--- Available data ---
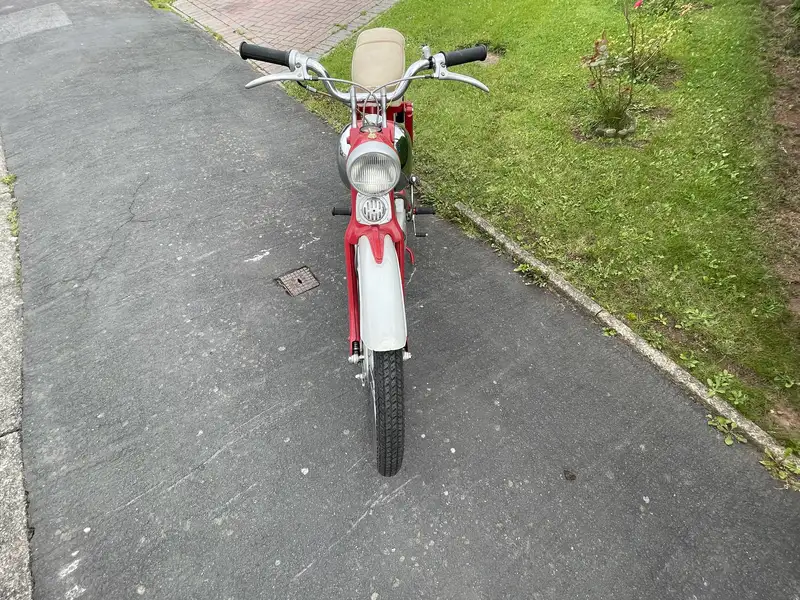 1959 Zundapp Falconette Type 438 70cc-For Sale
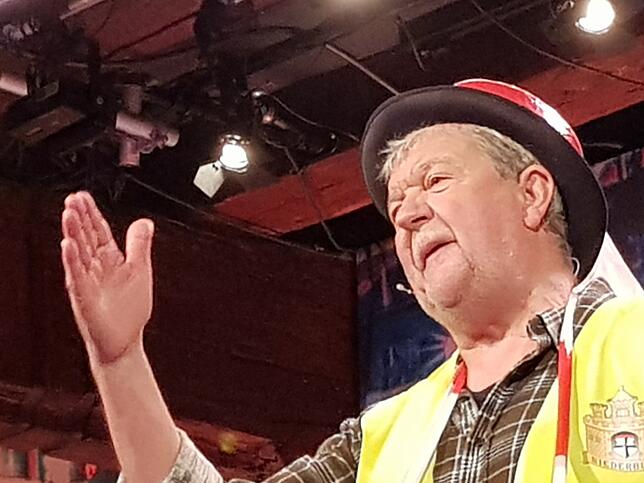 Bild 3: So schön war die Konstanzer Fernsehfasnacht aus dem Konzil: Unser Live-Protokoll des Abends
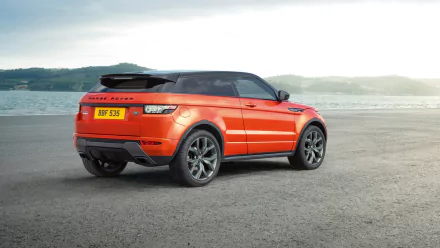 vehicle 2015 range rover evoque autobiography HD Desktop Wallpaper | Background Image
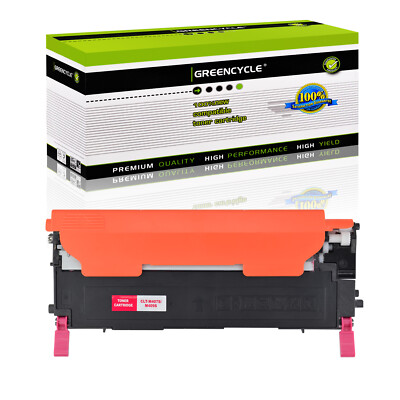 CLT-M409S Magenta Toner Cartridge fit for Samsung CLP-3170 CLX-3175FN CLX-3175fw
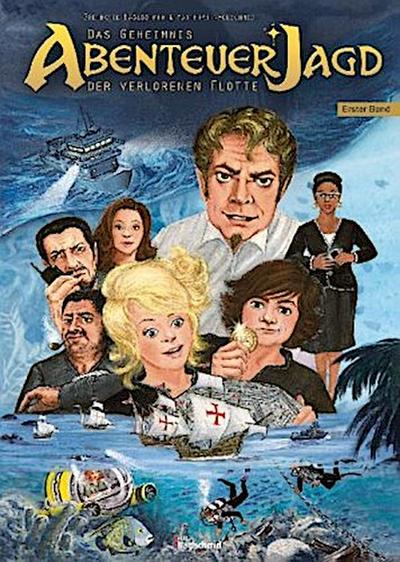 AbenteuerJagd - Das Geheimnis der verlorenen Flotte. Bd.1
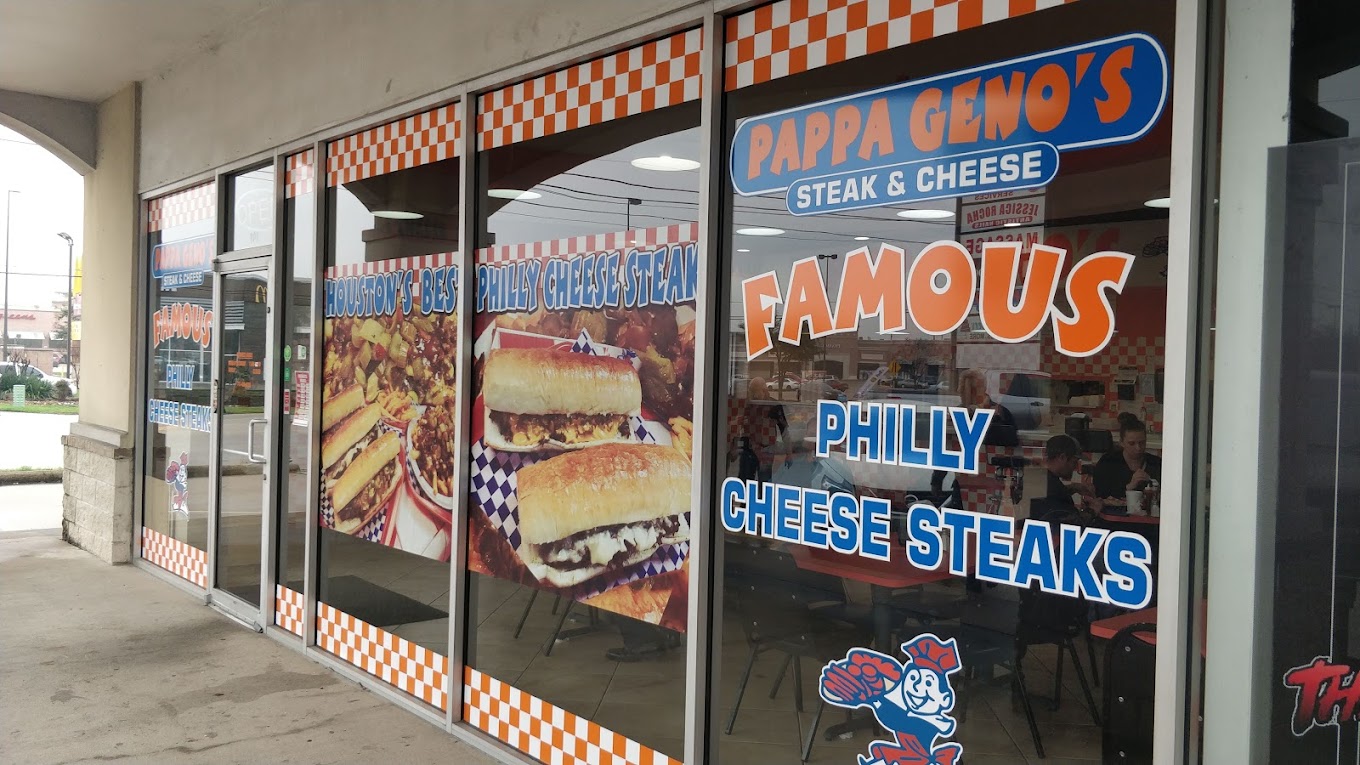Pappa Geno's Steak & Cheese in Cy-Fair Closes Its Doors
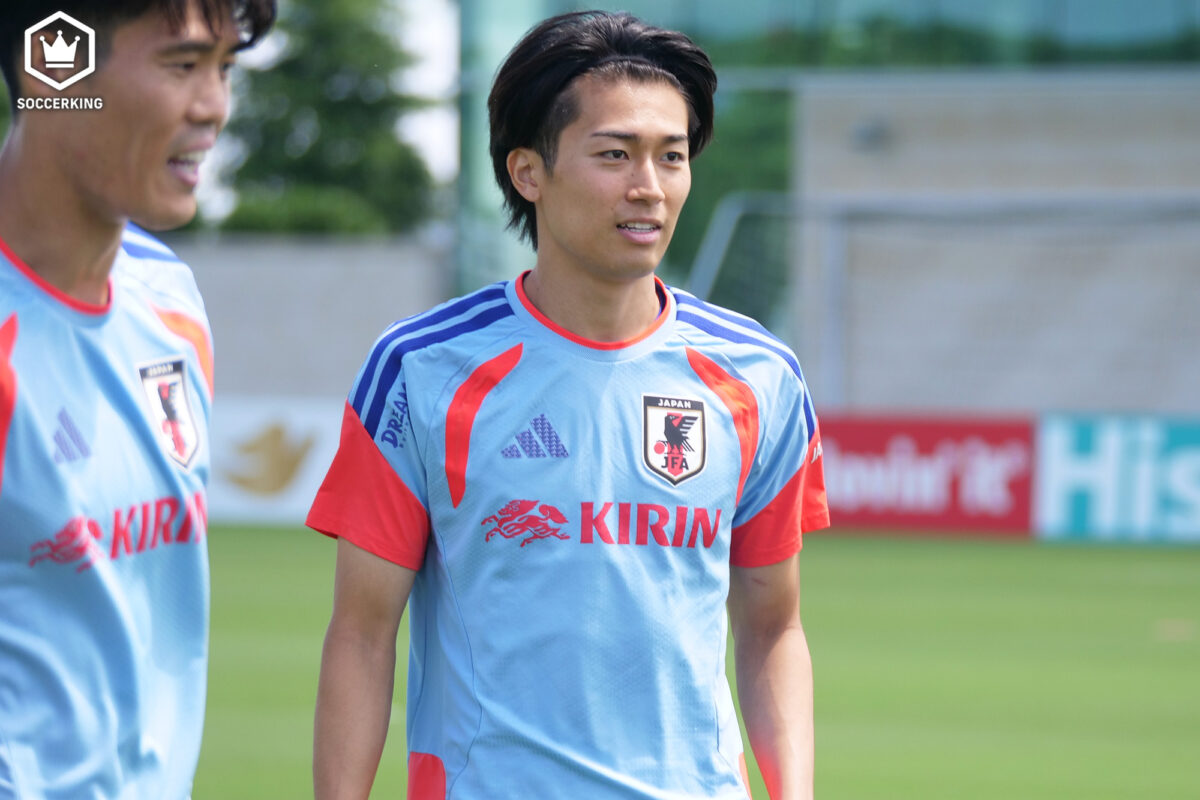 「小さい頃からの夢だった」W杯デビュー戦で鮮烈弾！　“夢のその先”見据える中村敬斗「まだまだ初戦が終わっただけ」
---
**Task prompt:**
Write out, word for word, the lines from the start of the data through the one holding "Pappa Geno's Steak". Omit pictures.

**Output of the task:**
 1959 Zundapp Falconette Type 438 70cc-For Sale
 Bild 3: So schön war die Konstanzer Fernsehfasnacht aus dem Konzil: Unser Live-Protokoll des Abends
 vehicle 2015 range rover evoque autobiography HD Desktop Wallpaper | Background Image
 CLT-M409S Magenta Toner Cartridge fit for Samsung CLP-3170 CLX-3175FN CLX-3175fw
 AbenteuerJagd - Das Geheimnis der verlorenen Flotte. Bd.1
Pappa Geno's Steak & Cheese in Cy-Fair Closes Its Doors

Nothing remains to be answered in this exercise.